- _YOUR INSTRUCTIONS_
Print the listing below only from the line that has "You could use" through the line that has "Let's speed it", exactly, and drop any picture.

===== RECORDS FOR THIS TASK

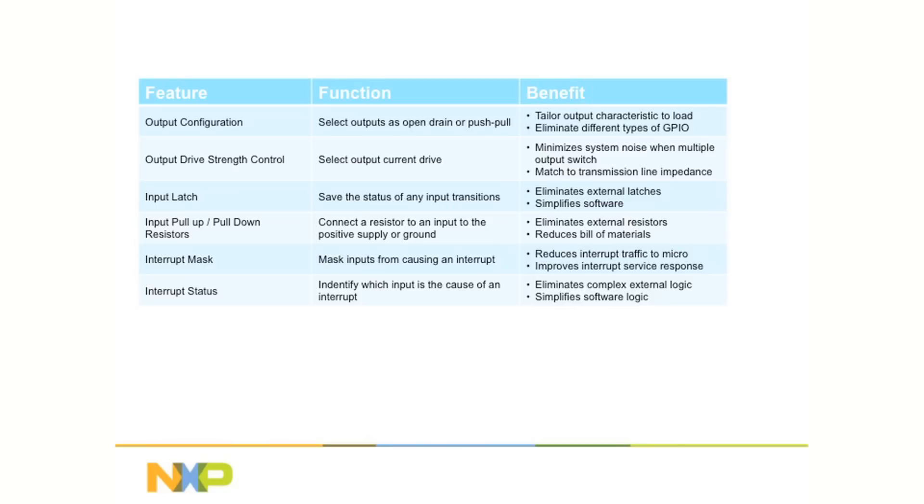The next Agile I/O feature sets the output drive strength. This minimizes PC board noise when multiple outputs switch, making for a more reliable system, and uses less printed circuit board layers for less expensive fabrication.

==========
===== RECORDS FOR THIS TASK

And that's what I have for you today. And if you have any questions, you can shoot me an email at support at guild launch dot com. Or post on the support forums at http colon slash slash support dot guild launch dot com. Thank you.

==========
===== RECORDS FOR THIS TASK

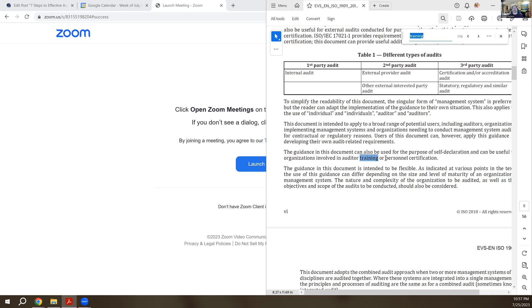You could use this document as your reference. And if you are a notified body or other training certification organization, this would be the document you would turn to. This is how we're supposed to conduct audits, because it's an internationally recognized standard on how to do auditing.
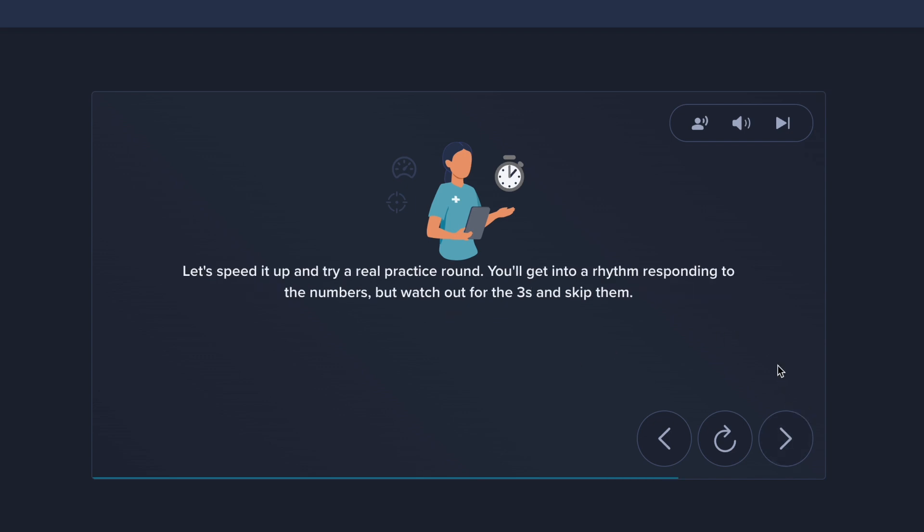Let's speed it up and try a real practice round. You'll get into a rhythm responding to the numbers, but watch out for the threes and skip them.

==========

- _EXERCISE SOLUTION_
You could use this document as your reference. And if you are a notified body or other training certification organization, this would be the document you would turn to. This is how we're supposed to conduct audits, because it's an internationally recognized standard on how to do auditing.
Let's speed it up and try a real practice round. You'll get into a rhythm responding to the numbers, but watch out for the threes and skip them.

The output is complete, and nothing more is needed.